Buttons on forms – where to put them, and what to call them

rows of buttons reading button textHere’s a question that I get asked quite often: “Should we put ‘OK’ button to the left or the right of the ‘Cancel’ button?”

A common variant is to ask the same question with ‘Back’ or ‘Previous’ instead of ‘Cancel’, and to maybe include ‘Next’ in the mixture.

A simple question, a complex answer

I’d love to tell you: put OK on the left. Or on the right. Or something else that’s easy to say and easy to remember. Like so much in forms, the simple answer isn’t really appropriate. And yet, who needs another ‘it depends’? We’ve got far too many of them in usability. The truth, of course, is that ‘it depends’ is the right answer yet again. But we’ll avert our eyes from that and I’ll try to give a few rules here.

Rule 1: Look at other forms

The first point is to find out what other forms your users are working with and see where those other programs put their buttons. For example, years ago Jakob Nielsen pointed out that most users spend most of their time on websites other than yours. Or if you’re creating a program that will be used alongside Microsoft Office applications, then your users are likely to expect your program to follow their conventions. It does get a bit tricky if your users swap regularly between Mac and PC, because unfortunately the two operating systems have conflicting guidelines. Then you’ll have to think carefully about which one you’re going to follow – preferably, after doing some research on what your users do and which applications matter most to them.

Rule 2: Put buttons at the end of the conversation

The big deal with forms is that they ask users one or more questions, after which the user presses a button to say ‘I’m done with my turn in this conversation’. The conversational turn is handed over to the computer to do something. There needs to be a button. It’s usually called ‘OK’, ‘Send’, ‘Submit’ or ‘Next’. The crucial point is that it goes at the end. One common mistake I’ve seen: putting important instructions, or even whole questions, after that final button. A position that’s invisible to users. Don’t do it.

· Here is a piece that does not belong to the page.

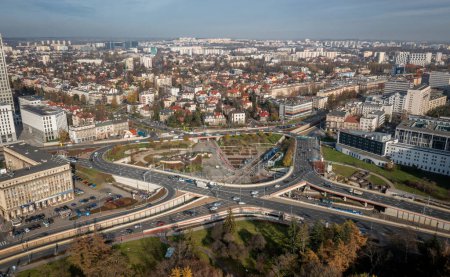 Foto de Vista aérea de Cracovia de la rotonda Grzegorzki Mogilskie. Transporte, tráfico de la ciudad en una gran ciudad polaca. Cracovia, 09.11.2022 r. - Imagen libre de derechos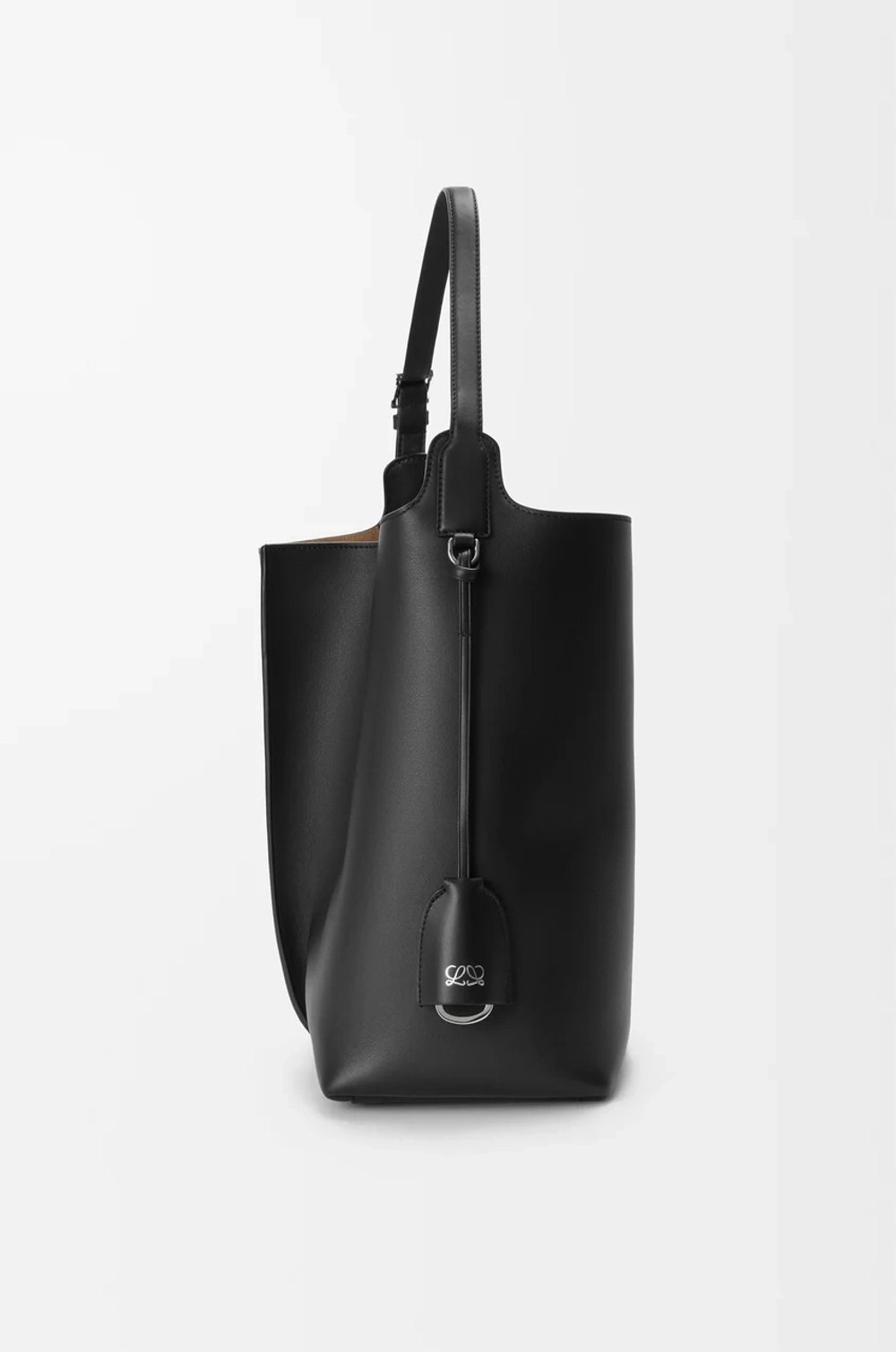 Loewe Большая сумка-тоут Bilbao из гладкой телячьей кожи, черный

Rule 3: Decide whether the button is necessary

A while ago, I wrote a column: “The Piece of HTML created just for me: Reset”. My theme was that ‘Reset’ buttons are rather handy for the forms consultant who regularly hunts for forms on websites, fills them in and then wants to discard her entries. Sadly, the majority of them are at best useless and at worst deeply annoying for other users. Do you really need other buttons? Do your users want to discard all their work? If you don’t really need a button, then get rid of it.

Rule 4: Decide whether the button needs to look like a button

Sometimes you definitely need two or more possible actions at the end of the form: perhaps, indeed, ‘Send’ and ‘Throw away my work’ or ‘OK and ‘Cancel’. Luke Wroblewski calls the most important action the ‘primary action’ and anything else ‘secondary’. He and Etre did some testing on where to put ‘Submit’ and ‘Cancel’ on web forms, and whether to make ‘Cancel’ into a link or a less prominent button.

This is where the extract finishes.